*Short descriptive text snippets*.
════════

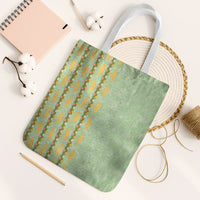 Hawaii Shell Tiare Anthurium Heliconia Lei Tote Bag With Tapa Pattern Baby Green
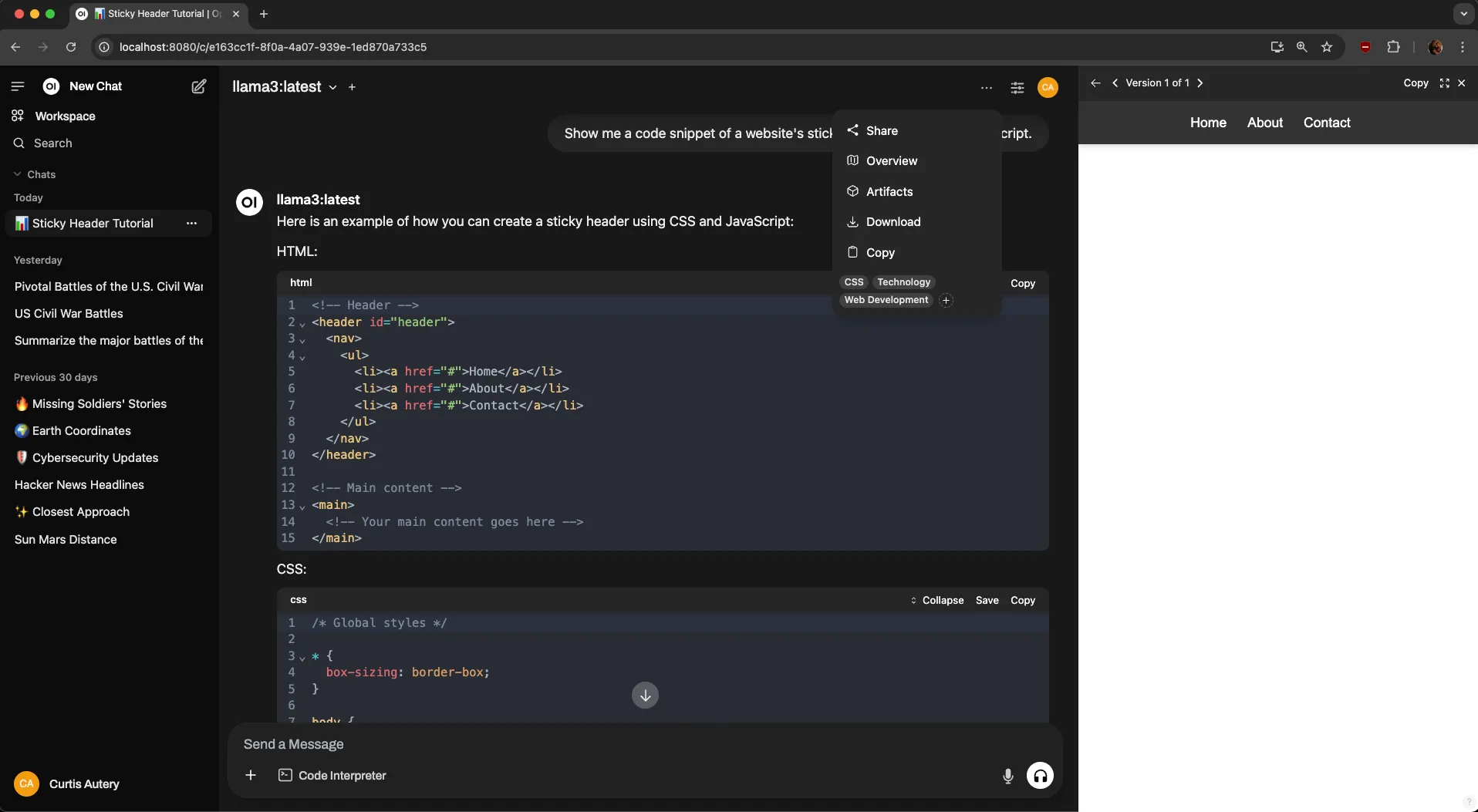 Open WebUI showing generated HTML and CSS, and also rendering it as a web page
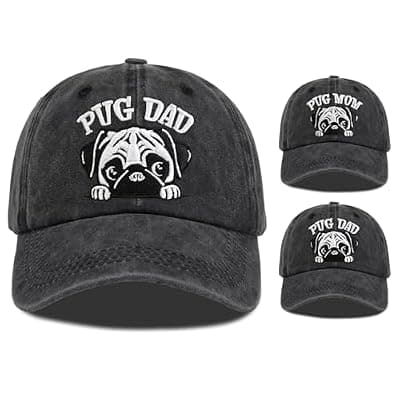[ZVUZVO] ZVUZVO Pug Mom/Dad Gifts for Women, Pug Mom/Dad Baseball Caps, Adjustable Dog Caps, Christmas Birthday Gifts for Dog Lovers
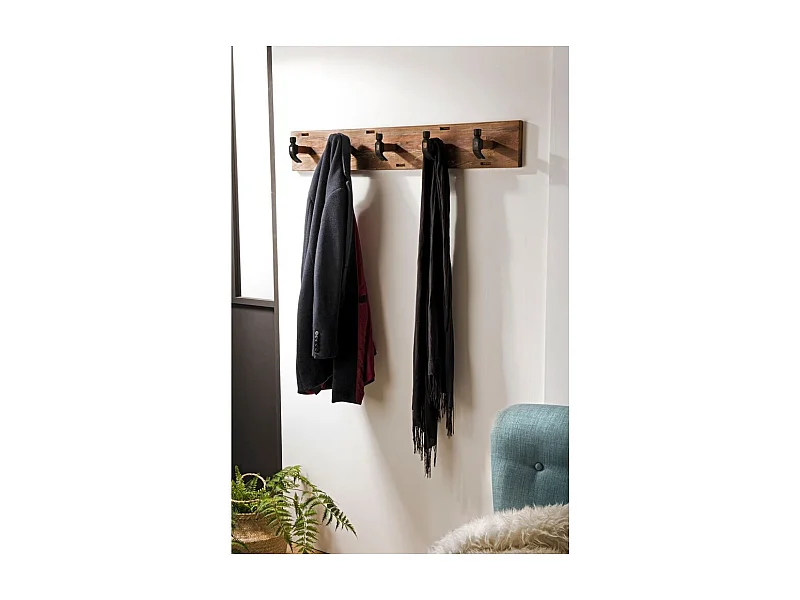 SIXTINE - Portemanteau mural 5 crochets en bois de teck recyclé marron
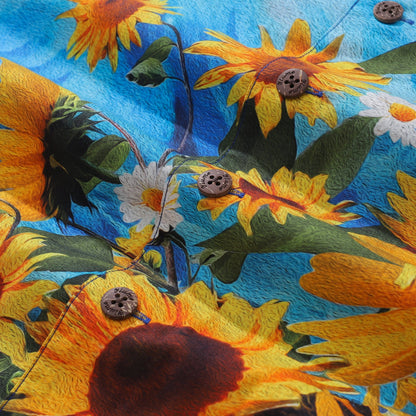 100% Cotton Hawaiian Shirt For Men Sunflowers Growing Wild Camp Collar Shirt By Sun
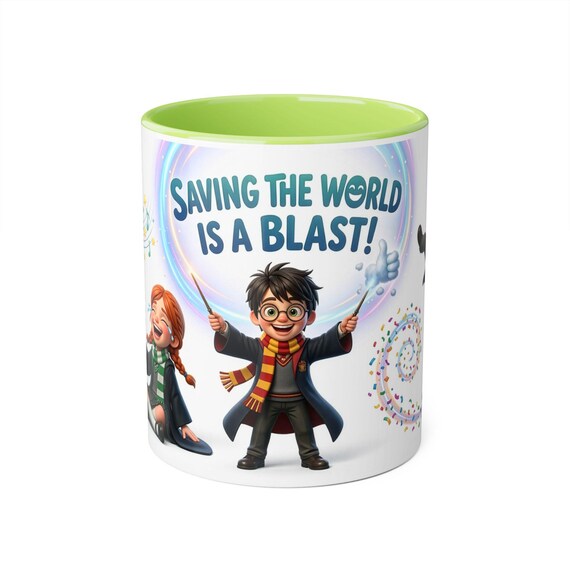 Accent Mug | Saving the World Is A Blast Wizard Trio Fun Fantasy Kids Gift
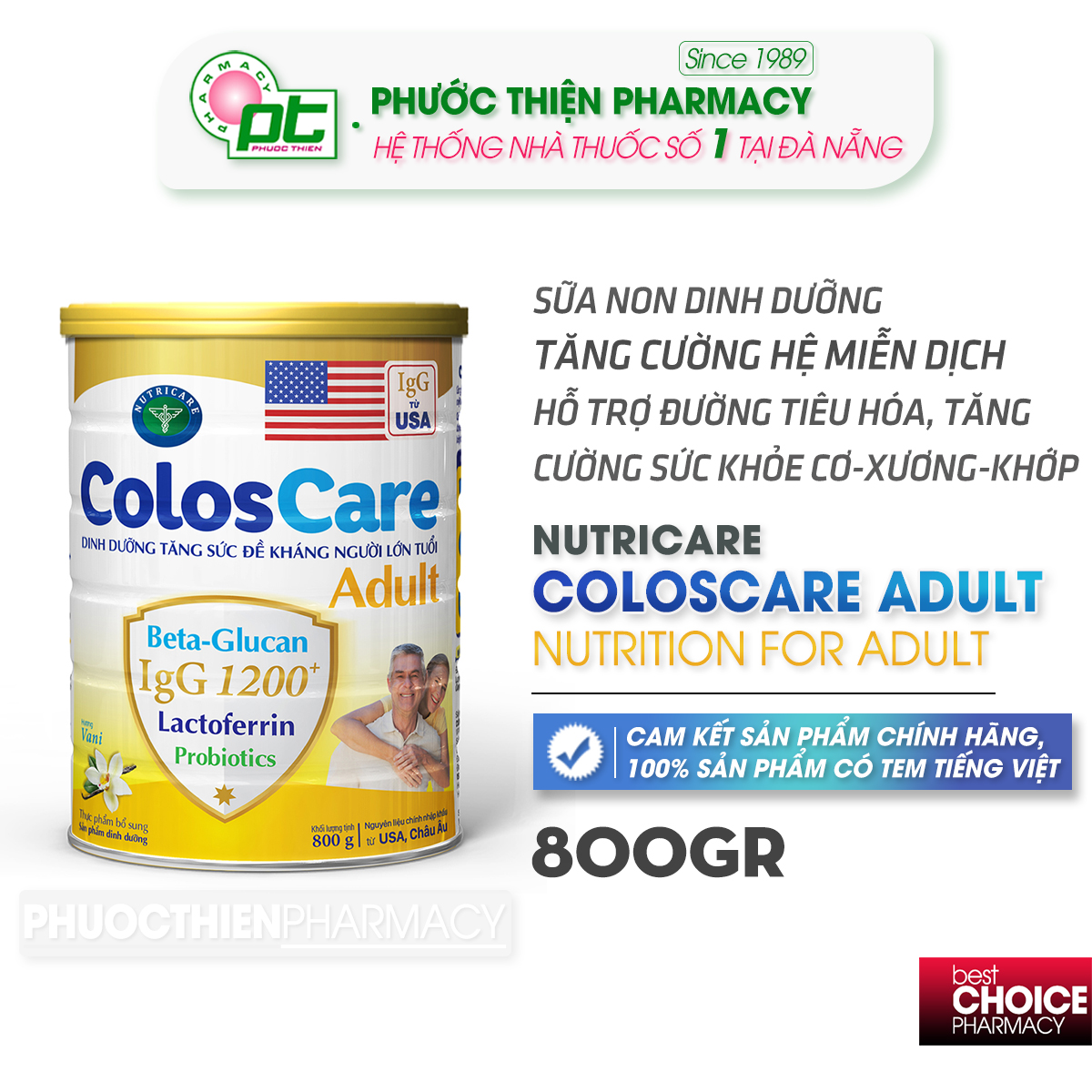 Sữa non dinh dưỡng coloscare adult igg 1200+ tăng đề kháng cho người lớn tuổi lon 800 gram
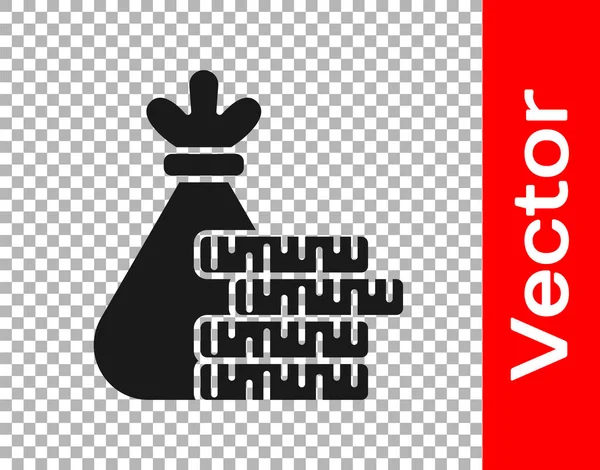 Black Money Sac Icône Pièce Isolé Sur Fond Transparent Dollar — Image vectorielle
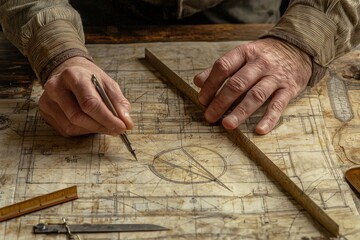 Poster - Close-Up of Hands Holding a Pencil and Ruler Over Vintage Blueprint Drawings, Showcasing the Art of Drafting and Technical Design in a Creative Workspace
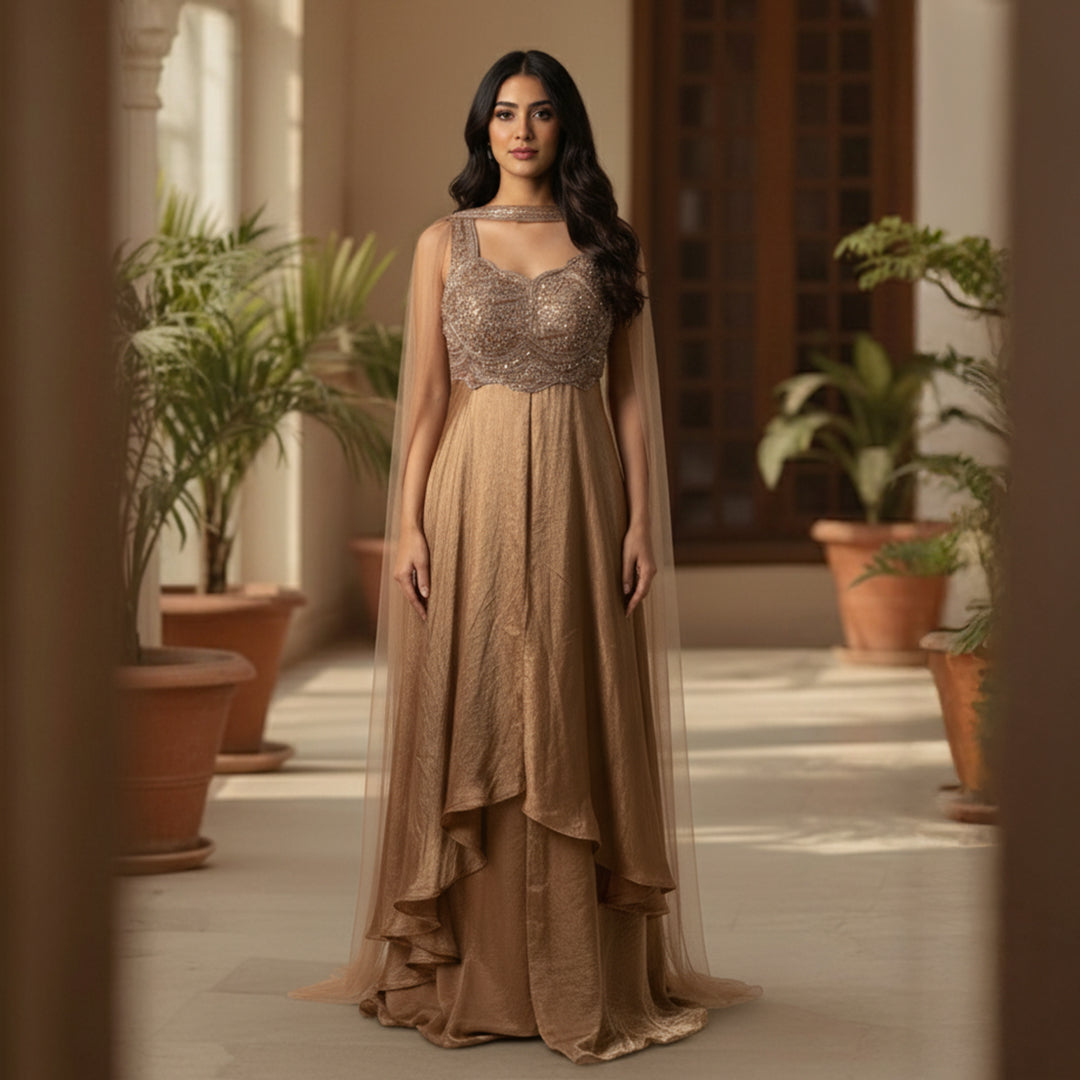 This elegant outfit comes in a soft golden tone with a shimmer finish. The kurta features fine hand embroidery on the bodice with beads and sequins that add a rich sparkle.

The front-cut design gives it a stylish and modern look. The matching palazzo adds flow and comfort, making the outfit graceful and easy to carry.


A sheer dupatta completes the look, making it perfect for festive occasions, weddings, evening part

════════

*WHAT TO PRODUCE*. Beginning with the line where "SIXTINE - Portemanteau" appears, transcribe the records above word for word through their last line, and include no pictures.

*OUTPUT FOR THIS TASK*.
 SIXTINE - Portemanteau mural 5 crochets en bois de teck recyclé marron
 100% Cotton Hawaiian Shirt For Men Sunflowers Growing Wild Camp Collar Shirt By Sun
 Accent Mug | Saving the World Is A Blast Wizard Trio Fun Fantasy Kids Gift
 Sữa non dinh dưỡng coloscare adult igg 1200+ tăng đề kháng cho người lớn tuổi lon 800 gram
 Black Money Sac Icône Pièce Isolé Sur Fond Transparent Dollar — Image vectorielle
 Poster - Close-Up of Hands Holding a Pencil and Ruler Over Vintage Blueprint Drawings, Showcasing the Art of Drafting and Technical Design in a Creative Workspace
 This elegant outfit comes in a soft golden tone with a shimmer finish. The kurta features fine hand embroidery on the bodice with beads and sequins that add a rich sparkle.

The front-cut design gives it a stylish and modern look. The matching palazzo adds flow and comfort, making the outfit graceful and easy to carry.


A sheer dupatta completes the look, making it perfect for festive occasions, weddings, evening part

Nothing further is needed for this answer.